TASK ITEM:
Reproduce every record exactly as it appears, but not the pictures.

··· EXERCISE DATA

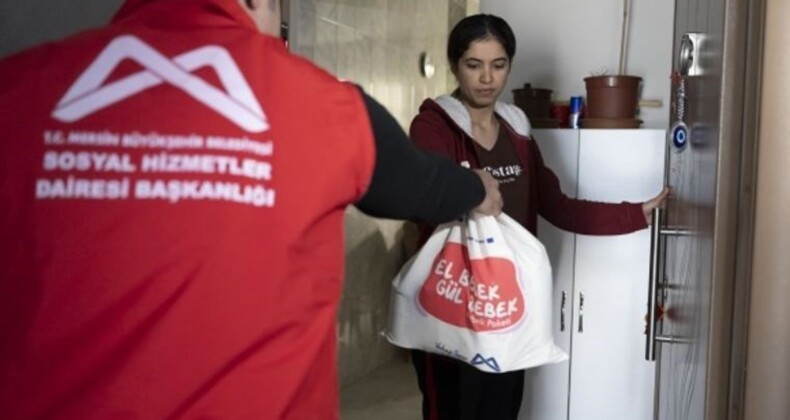 Mersin Büyükşehir Belediyesi’nden bebekli ailelere takviye paketi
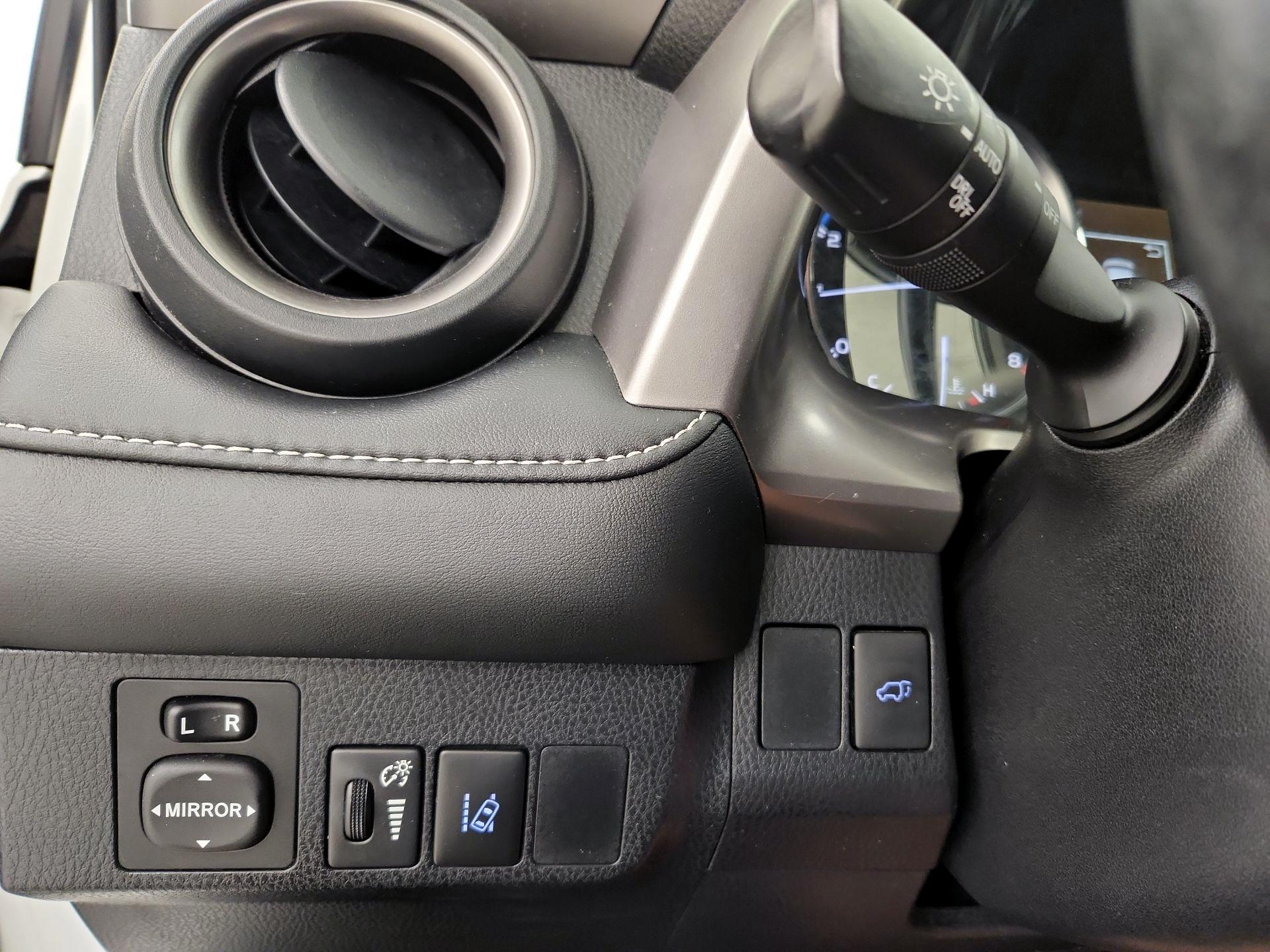 Thumbnail: 2016 Toyota RAV4 - 13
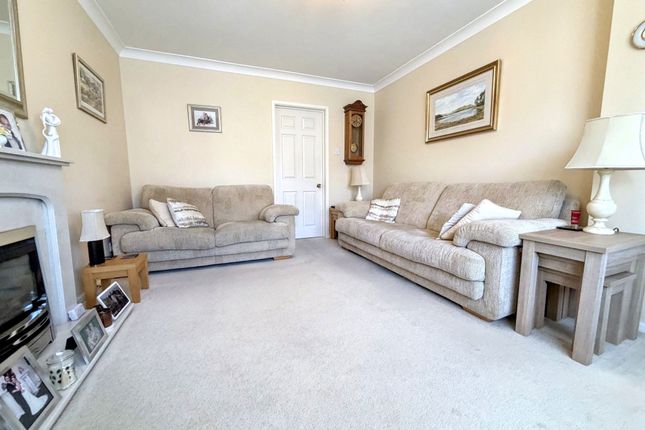 71, Coptleigh, Houghton Le Spring photo 2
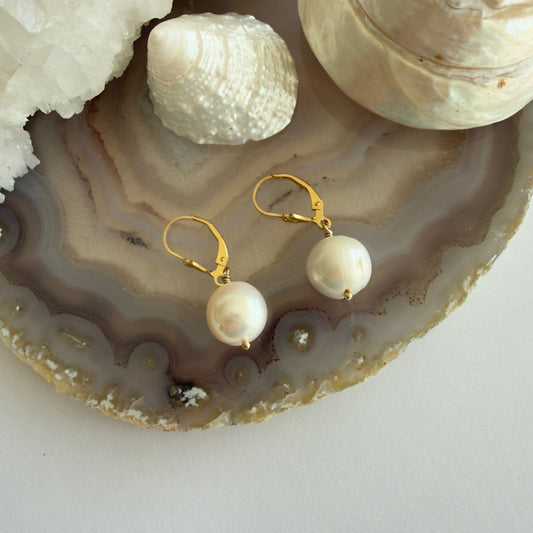 Gold filled oorbellen van zoetwaterparels aan brisures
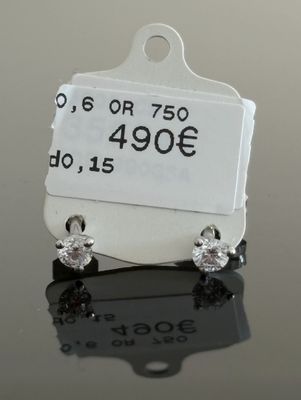 une étiquette à laquelle est attachée une étiquette de prix, posée sur une table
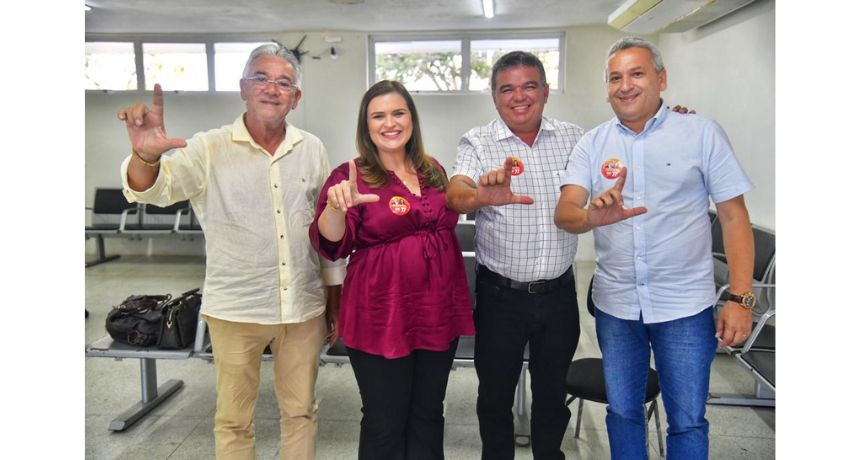 Marília Arraes recebe apoio dos prefeitos de Caetés, São Bento do Una e Iati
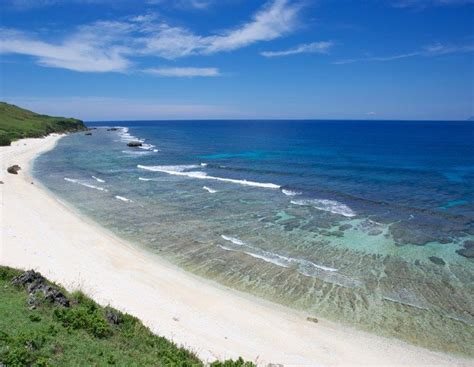 PHOTOS: Morong Beach in Batanes | Tourist Spots Finder | Batanes, Beach ...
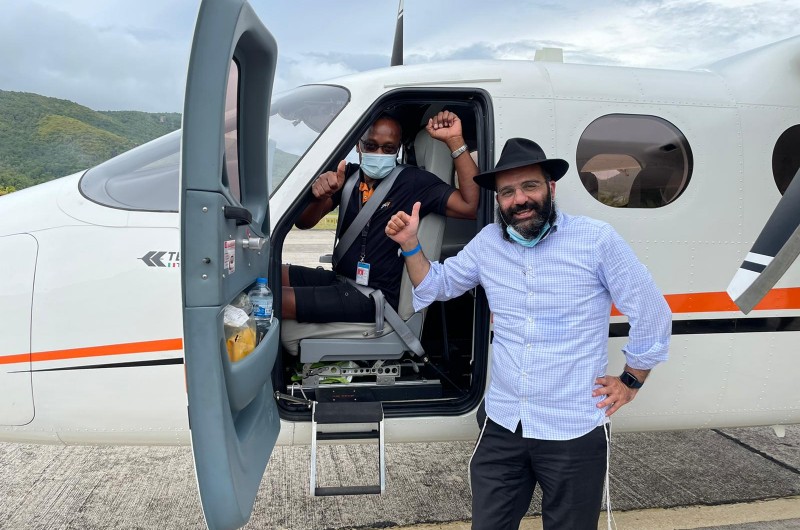 הזמר החסידי ר' יוני שלמה נצפה הבוקר במטוס באחד מאיי אפריקה שם יחגוג את הסדר בשליחות חב
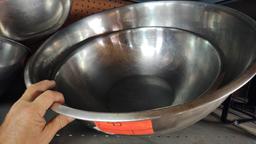Lot on Shelf of 5 Various Stainless Bowls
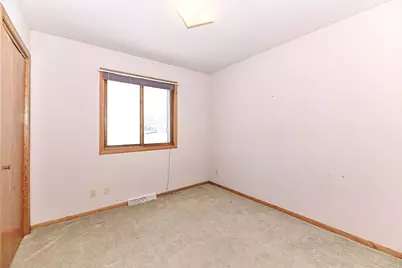 1521  Prairie Dr, Racine, WI 53406 - Photo 20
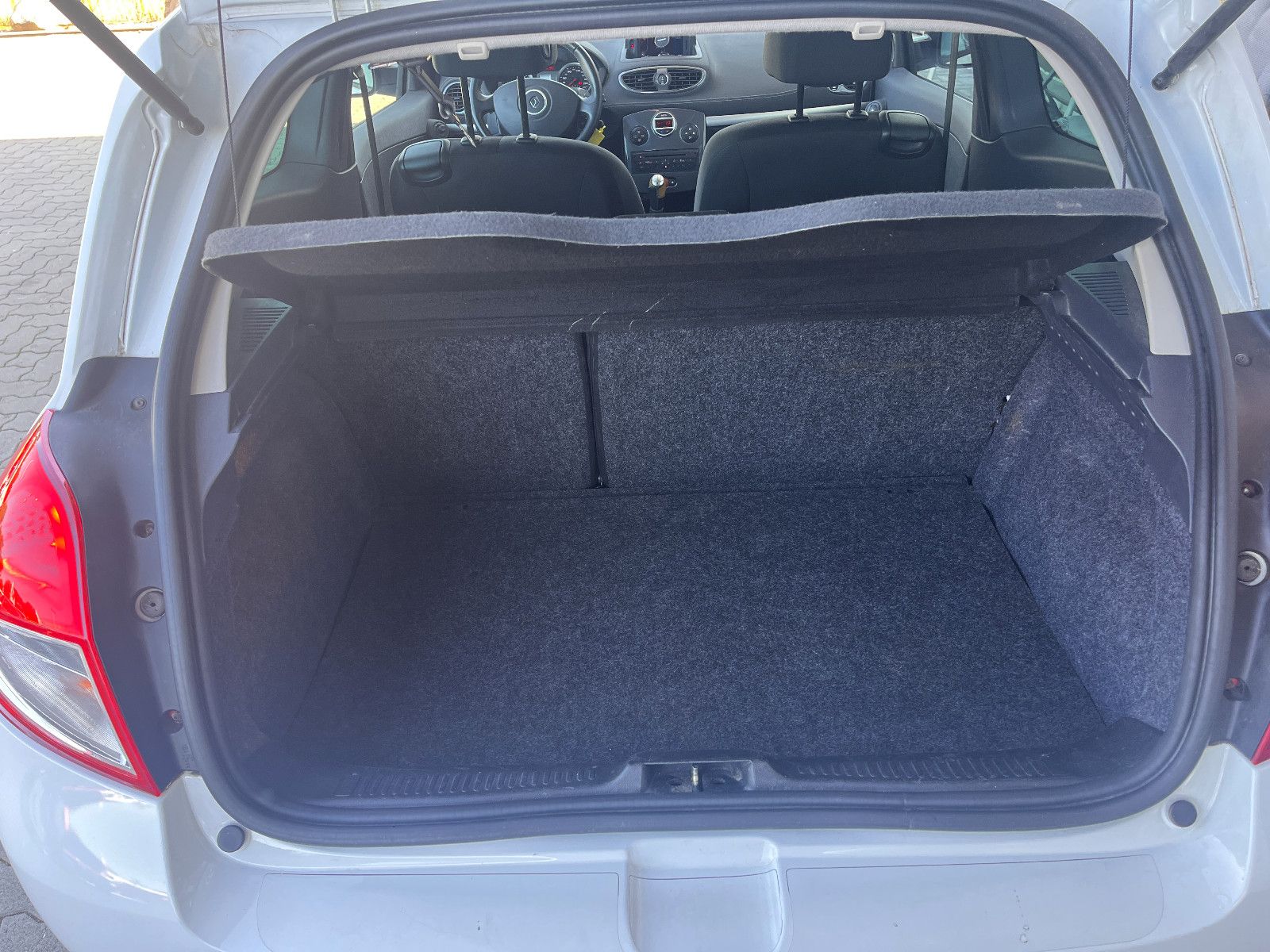 Fahrzeugabbildung Renault Clio III Night and Day Leichter Heckschaden !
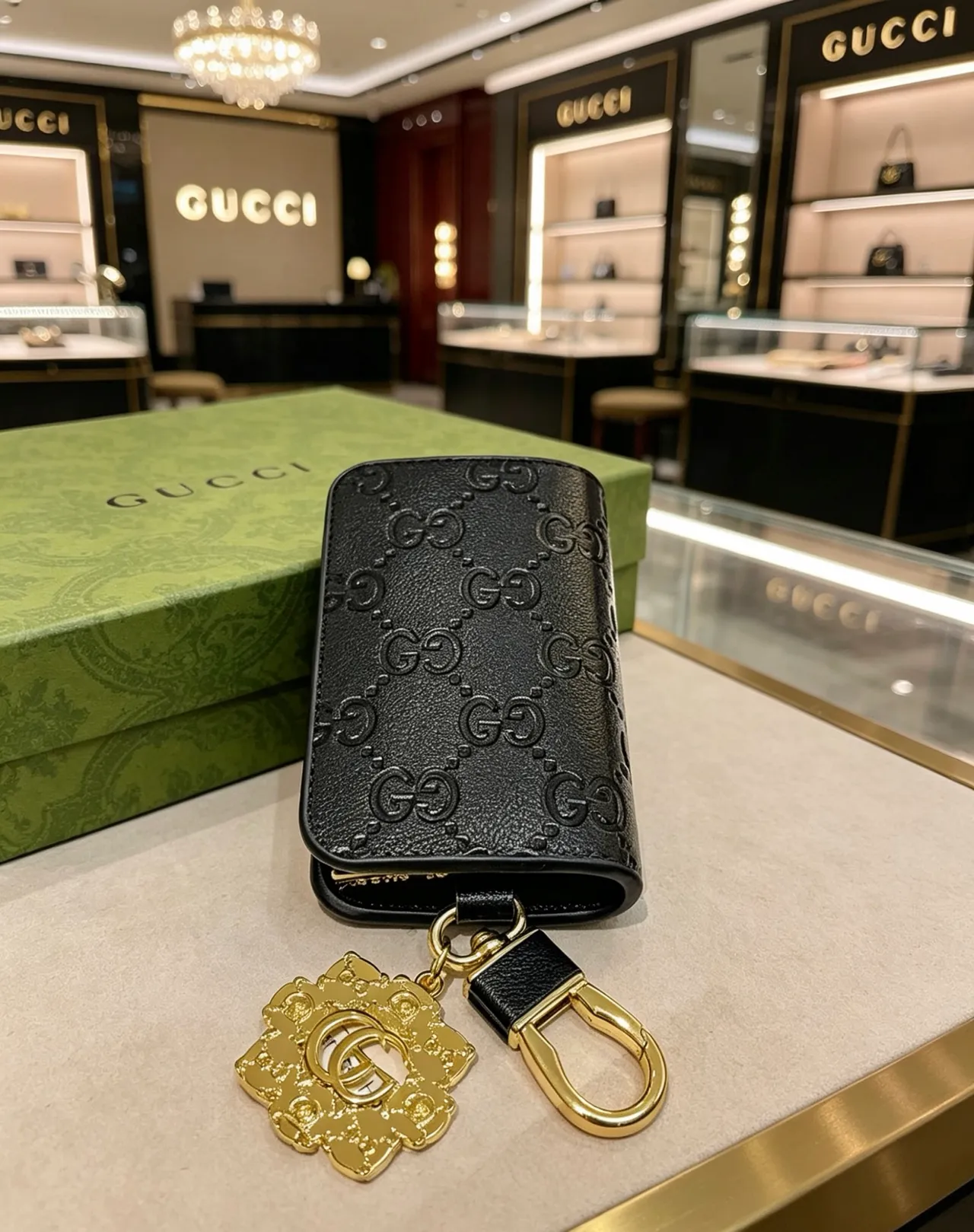 Gucci GG Monogram Black Gold Embossed Hardware Card Holder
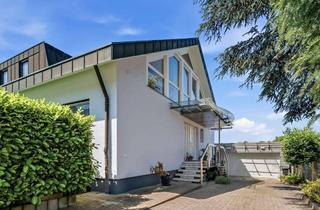 Haus kaufen in 75045 Walzbachtal, Vielseitiges Wohndomizil mit Einliegerwohnung und parkähnlichem Garten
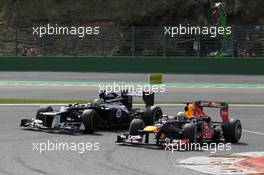 Bruno Senna (BRA), Williams F1 Team and Sebastian Vettel (GER), Red Bull Racing  02.09.2012. Formula 1 World Championship, Rd 12, Belgian Grand Prix, Spa Francorchamps, Belgium, Race Day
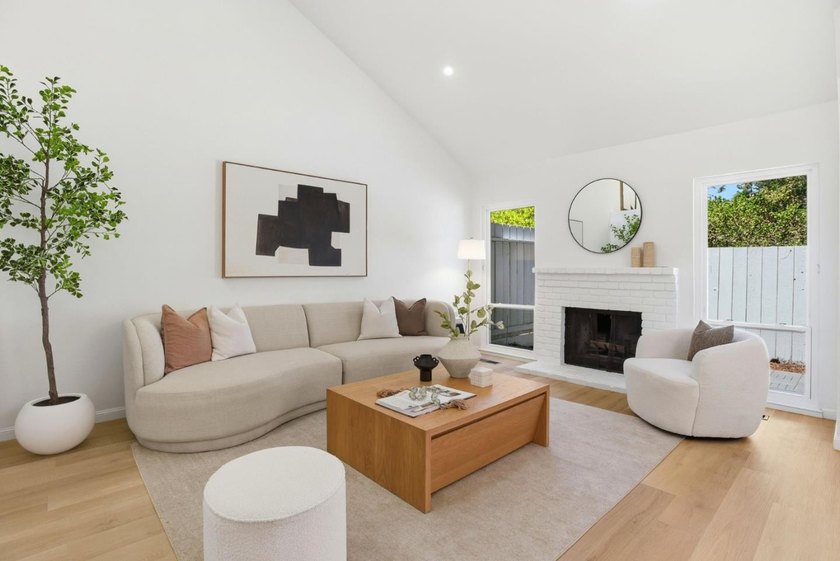 Prime Mid-Peninsula Location! This beautifully upgraded 3BR/2 - Beach Townhome/Townhouse for sale in Belmont, California on Beachhouse.com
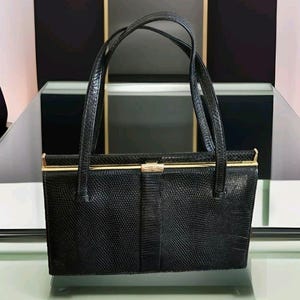 Vintage 50s Lizard Skin Handbag: Black Structured Purse with Golden Clasp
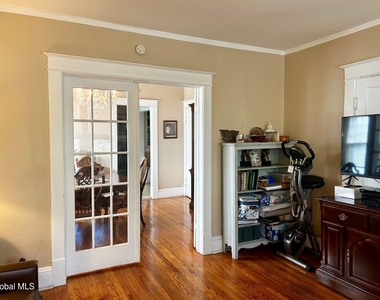 895 Park Avenue - Photo Thumbnail 6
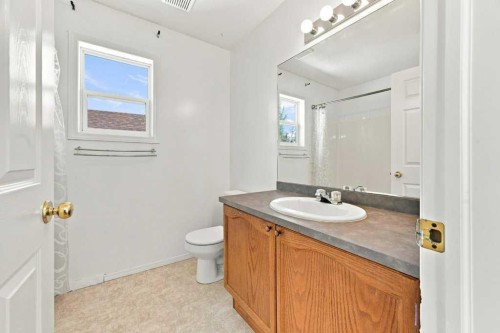 100 Coventry Road Ne, Calgary, AB - Indoor Photo Showing Bathroom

······

THE COMPLETED TASK:
 Mersin Büyükşehir Belediyesi’nden bebekli ailelere takviye paketi
 Thumbnail: 2016 Toyota RAV4 - 13
 71, Coptleigh, Houghton Le Spring photo 2
 Gold filled oorbellen van zoetwaterparels aan brisures
 une étiquette à laquelle est attachée une étiquette de prix, posée sur une table
 Marília Arraes recebe apoio dos prefeitos de Caetés, São Bento do Una e Iati
 PHOTOS: Morong Beach in Batanes | Tourist Spots Finder | Batanes, Beach ...
 הזמר החסידי ר' יוני שלמה נצפה הבוקר במטוס באחד מאיי אפריקה שם יחגוג את הסדר בשליחות חב
Lot on Shelf of 5 Various Stainless Bowls
 1521  Prairie Dr, Racine, WI 53406 - Photo 20
 Fahrzeugabbildung Renault Clio III Night and Day Leichter Heckschaden !
 Gucci GG Monogram Black Gold Embossed Hardware Card Holder
 Haus kaufen in 75045 Walzbachtal, Vielseitiges Wohndomizil mit Einliegerwohnung und parkähnlichem Garten
 Bruno Senna (BRA), Williams F1 Team and Sebastian Vettel (GER), Red Bull Racing  02.09.2012. Formula 1 World Championship, Rd 12, Belgian Grand Prix, Spa Francorchamps, Belgium, Race Day
 Prime Mid-Peninsula Location! This beautifully upgraded 3BR/2 - Beach Townhome/Townhouse for sale in Belmont, California on Beachhouse.com
 Vintage 50s Lizard Skin Handbag: Black Structured Purse with Golden Clasp
 895 Park Avenue - Photo Thumbnail 6
 100 Coventry Road Ne, Calgary, AB - Indoor Photo Showing Bathroom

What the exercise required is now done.